Relationship Therapy & Couples Counselling in Nantwich, Cheshire
Healing your relationship, one conversation at a time
Couples Therapy: For long-term relationships that have lost their way and partners who would like to find each other again.
Most of the couples I see aren't here because something dramatic has happened. They're here because something quietly has. The arguments have started looping. The conversations have got shorter. The sex has thinned out, or stopped. They're functioning as parents, as a household, as colleagues running the family logistics, but something that used to be between them has gone missing, and they don't quite know how to get it back.

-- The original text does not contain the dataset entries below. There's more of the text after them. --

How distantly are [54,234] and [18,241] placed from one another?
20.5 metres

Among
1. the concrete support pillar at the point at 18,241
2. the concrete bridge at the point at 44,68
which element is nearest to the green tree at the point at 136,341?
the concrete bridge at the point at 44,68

Sometimes though, it's louder than that. An affair has surfaced and you're both in the wreckage trying to work out whether, and how, to rebuild. A betrayal you've been carrying alone has finally come out. A version of one or both of you has changed in a way the relationship hasn't caught up with.
Whatever has brought you here, you're welcome.
Common reasons couples come to see me
You've lost the spark. You love each other but the warmth, the laughter, the closeness have faded, and neither of you is sure when it started.
You've been struggling since the children arrived. Sleep, logistics and exhaustion have flattened your relationship. You parent well together; you don't really know each other anymore.
You're stuck in the same argument. It might be about money, sex, in-laws, the household, parenting, but you can both sense you're not really fighting about that. You're fighting about the same thing in a hundred different costumes.
There's been an affair. One of you is trying to understand what happened. The other is trying to work out whether to stay. You both need a steady space to do that.
You communicate very differently. One of you wants to talk it through; the other shuts down. One of you raises things; the other minimises. You both end up feeling unheard.
One of you is changing. A career shift, midlife, a bereavement, therapy — something has moved in one of you, and the relationship is creaking as it tries to keep up.
How I work with couples: Imago Relationship Therapy
I use Imago Relationship Therapy, an approach designed specifically for long-term relationships. It's structured but human, with techniques I'll guide you through in the room, not endless free-flowing argument that just replays what you do at home.
What Imago does well, and why I trained in it, is help couples slow down enough to actually hear each other. Most long-term relationship conflict isn't really about the surface issue. It's about the unmet need underneath, and the older wound that need is sitting on top of. Imago gives us a way to surface that gently, without one of you becoming the villain.
Over our work together, you can expect to:
Understand the patterns underneath your conflict — including the bits that pre-date your relationship
Learn to hear each other without going straight into defence
Find safer ways to raise difficult things rather than letting them build
Reconnect with what brought you together — warmth, fun, intimacy, friendship
Make repair after rupture, rather than papering over it
What sessions look like
Couples sessions are 60 minutes, £65, at The Psychotherapy Place on Audlem Road in Nantwich, or online via Zoom across the UK. We start with both of you in the room, I rarely see partners separately, because the work happens in the space between you.
Our first session is a chance for me to hear from each of you about what's brought you, what you're hoping for, and how you're each experiencing the relationship right now. From there we'll agree how we'd like to work. I don't take sides. I won't tell you whether to stay or go. And I'll be honest with you both, kindly, about what I'm seeing.
Beginning Your Journey Together
If you and your partner are ready to embark on a journey towards a more connected relationship, please express your interest via the contact form.
FAQs
How many sessions will we need?
1
It varies. Some couples come for a focused piece of work over 8–12 sessions. Others stay longer, particularly when working through betrayal or significant rebuilding. We'll talk about what feels right as we go.
One of us is more sceptical about therapy than the other.
2
That's almost always the case. It doesn't have to be a problem, I'd rather have one of you reluctantly curious than two of you pretending. Come and try a session.
Is it too late for us?
3
Often the couples who feel it's too late are the ones who get the most out of it, because they've finally been honest with themselves. I won't promise an outcome, but I'd rather you came and found out than didn't.
We're not married — is this still for us?
4
Yes. Long-term partnership in any form is what I work with.